Arts

Road show

Les Treize plongent dans l'action avec Capitaine Fracasse de Théophile Gauthier

Par : Pascale Guéricolas
Enfant, Joëlle Cloutier se régalait des répliques chevaleresques et du récit de combats flamboyants. Devenue grande et membre de la troupe Les Treize, elle a tout naturellement proposé de monter Capitaine Fracasse, une épopée picaresque écrite par Théophile Gauthier en 1863, adaptée au théâtre par le metteur en scène français Marcel Maréchal il y a quelques années. L’histoire démarre quelque part dans le sud de la France, dans le château en ruines du baron de Sigognac. Le jeune homme profite du passage d’une troupe de comédiens pour partir avec eux à l’aventure sur les routes. À la mort d’un des acteurs, le voilà endossant le rôle du Capitaine Fracasse, prêt à séduire la belle et charmante Isabelle, elle aussi membre de la troupe. Tout se corse lorsque les yeux du duc de Vallombreuse croisent ceux de la jeune fille dans une auberge. L’amoureux transi la fait enlever. La troupe de comédiens, Sigognac en tête, se lance donc à sa recherche.
   
Portés par le souffle d’une histoire remplie d’action, Les Treize promettent une pièce de théâtre au rythme endiablé, avec près d’une quinzaine de comédiens sur scène interprétant encore plus de personnages, sans oublier les nombreux combats à l'épée, au bâton, ou même à mains nues. Louis-Philippe Huot, maître d’escrime, a d’ailleurs chorégraphié les duels en collaboration avec la metteure en scène pour permettre au public d’apprécier aussi cette partie très visuelle du récit. Le décor de Jérôme Huot, très dépouillé, facilite les affrontements physiques et les déplacements de cette troupe de comédiens jouant sur la place d’un village ou dans une auberge. «On utilise l’ambiance musicale pour évoquer l’univers des gitans, les gens du voyage, souligne Joëlle Cloutier, qui signe sa huitième mise en scène avec Les Treize. Olivier Gilloux a effectué beaucoup de recherches afin de dénicher des pièces musicales peu connues mélangeant le jazz, le style manouche, le swing, les fanfares.»
   
Cette version ludique du Capitaine Fracasse mise aussi sur la légèreté des personnages et leur truculence. Le baron de Sigognac, poète à ses heures, a tendance par exemple à déclamer des répliques à n’en plus finir pour vanter les beautés de son amoureuse.
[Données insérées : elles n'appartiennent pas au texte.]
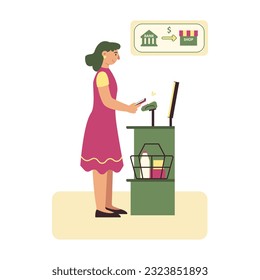 Junge Dame, die im Laden steht und per Handy bezahlt, überweisen Sie Geld von der Karte. Person, die E-Banking verwendet. Mobile Dienste, drahtlose Transaktionen und Selbstbezahlung. Vektorgrafik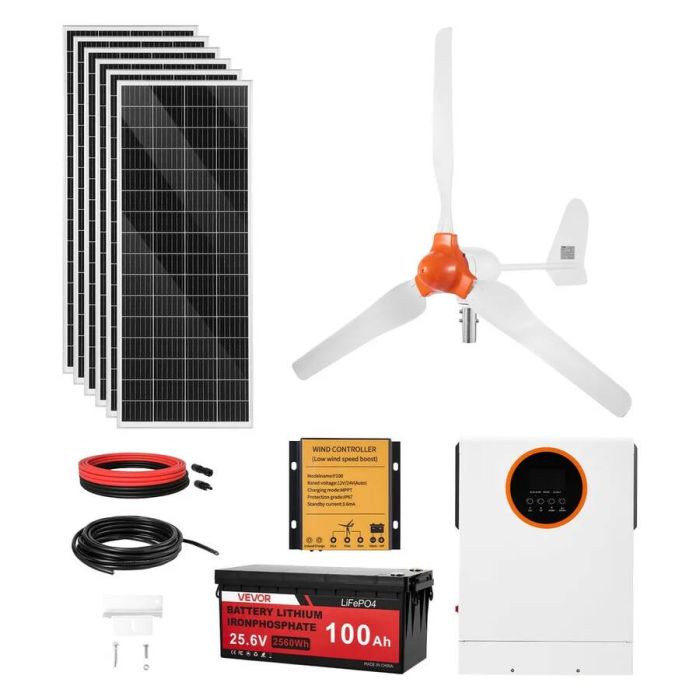 24 V 1000 W saules ir vėjo jėgainių rinkinys su 6x100 W monokristalinėmis plokštėmis, 400 W vėjo turbina, valdikliu, 25,6 V 100 ah LiFePO4 akumuliatoriumi ir 3000 W hibridiniu keitikliu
Les autres acteurs de la troupe, de leur côté, ressemblent à des Scapin ou à des soubrettes de commedia dell'arte. En effet, à force d’interpréter la même pièce durant leur tournée, la frontière s’estompe de plus en plus entre la réalité et la fiction. Par-dessus tout cependant, c’est la couleur des répliques qui accrochent Joëlle Cloutier, elle qui a eu la piqûre pour le théâtre en jouant dans le Capitaine Fracasse il y a dix ans. «J’adore les expressions comme “se faire gifler par un gant”, “la botte secrète” ou “La belle Isabelle couronnera le vainqueur de ce tournoi comme au beau temps de la chevalerie”, reconnaît la jeune fille dans un sourire. Une chose est sûre, le public qui viendra assister aux représentations des Treize aura droit à une épopée, bien loin de la vie quotidienne en ce début de 21e siècle.
   
Capitaine Fracasse est présenté les 10, 11, 12 et 13 avril, à 20 h, à l’amphithéâtre Hydro-Québec du pavillon Alphonse-Desjardins. Les billets sont en prévente au coût de 10 $ (12 $ à la porte) au Bureau d’accueil et d’animation, local 2344, pavillon Alphonse-Desjardins.